GOAL OF THE EXERCISE: Retype exactly what appears below from the line containing "Applications for alligator" down to the line containing "推し鳥（バードウォッチング） / バードウォッチング", keeping both end lines. Do not include pictures.

SUPPLIED INFORMATION:
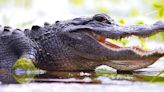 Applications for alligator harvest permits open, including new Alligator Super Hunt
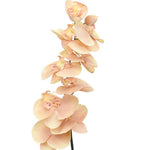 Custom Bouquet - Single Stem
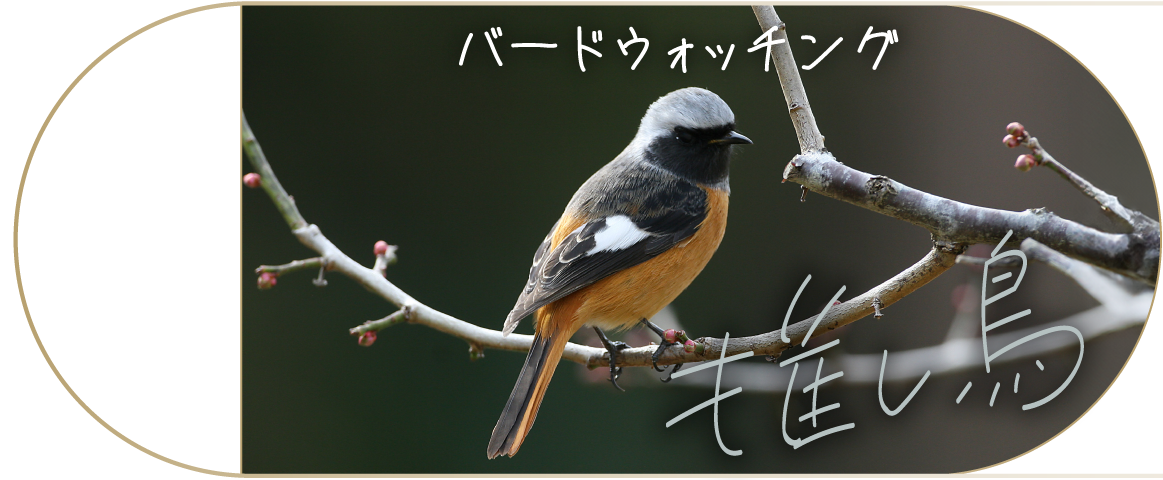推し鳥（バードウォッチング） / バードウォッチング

--

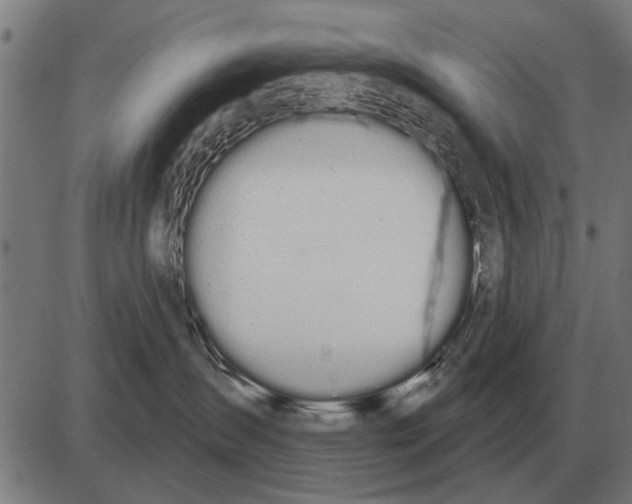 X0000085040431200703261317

COMPLETED EXERCISE:
 Applications for alligator harvest permits open, including new Alligator Super Hunt
 Custom Bouquet - Single Stem
推し鳥（バードウォッチング） / バードウォッチング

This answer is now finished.